# Bangles I turned this morning



## APBcustoms (Aug 14, 2014)

The title says it all

Reactions: Like 9 | EyeCandy! 4


----------



## David Seaba (Aug 14, 2014)

Those are awesome looking Austin. 
You did a Great job on those.

Reactions: Thank You! 1 | Agree 1


----------



## Sprung (Aug 14, 2014)

Very nice, Austin! Great work. What are the woods used?


----------



## duncsuss (Aug 15, 2014)

Nice! About how thick do you leave the walls when you make these bangles? I'd be worried the 'short grain' would be likely to crack if you make them too thin -- or is this not an issue?


----------



## APBcustoms (Aug 15, 2014)

duncsuss said:


> Nice! About how thick do you leave the walls when you make these bangles? I'd be worried the 'short grain' would be likely to crack if you make them too thin -- or is this not an issue?



Depends on the wood like if it's a rosewood or something really hard I'll go pretty thin also if it's stabilized I'll go thin with it. But like the cherry burl is pretty thick

Reactions: Thank You! 1


----------



## APBcustoms (Aug 15, 2014)

Sprung said:


> Very nice, Austin! Great work. What are the woods used?



From the top to the bottom 

#1 curly pink ivory, bocote, gaboon ebony, bubinga.

#2 stabilized walnut

#3 cherry burl

#4 two pattern oak burl. As In half is pins and swirls and the other half is curly but it's one piece of wood kind of odd.

#5 East Indian rosewood, bocote, maple

Reactions: Like 2


----------



## Molokai (Aug 15, 2014)

Nice! I recently started making these also. Can you tell me what type of glue do you use to glue these multy wood types bangles.
I tried with epoxy glue but heat generated from sanding just unglues them. Maybe CA will be better


----------



## APBcustoms (Aug 15, 2014)

Molokai said:


> Nice! I recently started making these also. Can you tell me what type of glue do you use to glue these multy wood types bangles.
> I tried with epoxy glue but heat generated from sanding just unglues them. Maybe CA will be better



I use tite bond the blue but green is better. If it's an high dollar exotic I use mineral spirits and wipe down before I glue to take off surface oils also don't make the wood too smooth because then the grain won't bond together

Reactions: Thank You! 1


----------



## TimR (Aug 15, 2014)

Very nice. I really like the segmented ones, but they all look excellent. It would definitely add time, but would be cool to add a narrow (i.e parting tool cut) groove and add some inlace stone or material.


----------



## APBcustoms (Aug 15, 2014)

TimR said:


> Very nice. I really like the segmented ones, but they all look excellent. It would definitely add time, but would be cool to add a narrow (i.e parting tool cut) groove and add some inlace stone or material.

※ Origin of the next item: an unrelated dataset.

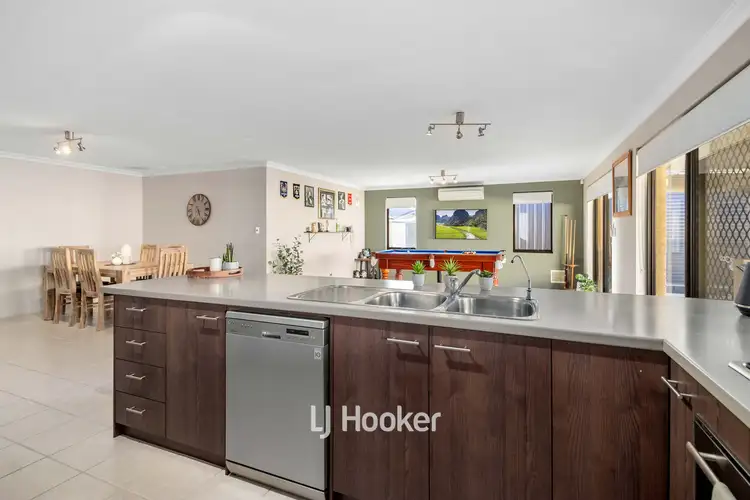Fifth view of Homely house listing, 17 Chamberlain Grove, Millbridge WA 6232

I was gonna do that on some like I wanted to do a gaboon ebony with turquoise racing stripes.

I've done this inlay on snakewood

Reactions: EyeCandy! 1


----------



## TimR (Aug 15, 2014)

Very nice. I'm sure you use something to cushion the inside of the bangle from the chuck jaws...I will grab the little rubber promo and drive bracelets especially whenever 'free' to use as a cushion.


----------



## APBcustoms (Aug 15, 2014)

TimR said:


> Very nice. I'm sure you use something to cushion the inside of the bangle from the chuck jaws...I will grab the little rubber promo and drive bracelets especially whenever 'free' to use as a cushion.



I use a drum sander and sand it smooth


----------



## duncsuss (Aug 15, 2014)

TimR said:


> I will grab the little rubber promo and drive bracelets especially whenever 'free' to use as a cushion.



@TimR , I'm having trouble understanding what this means ... what's a "little rubber promo"? And when would they be "'free' to use as a cushion"?

Sorry if I'm being dense, it's been a long week with lots of computer malfunctions to deal with

Reactions: Agree 2


----------



## APBcustoms (Aug 15, 2014)

duncsuss said:


> @TimR , I'm having trouble understanding what this means ... what's a "little rubber promo"? And when would they be "'free' to use as a cushion"?
> 
> Sorry if I'm being dense, it's been a long week with lots of computer malfunctions to deal with



its not just you haha


----------



## duncsuss (Aug 15, 2014)

APBcustoms said:


> its not just you haha



Being confused in a group is marginally better than being confused alone, I suppose ...

Reactions: Agree 1


----------



## kris stratton (Aug 15, 2014)

nice work.

Reactions: Thank You! 1


----------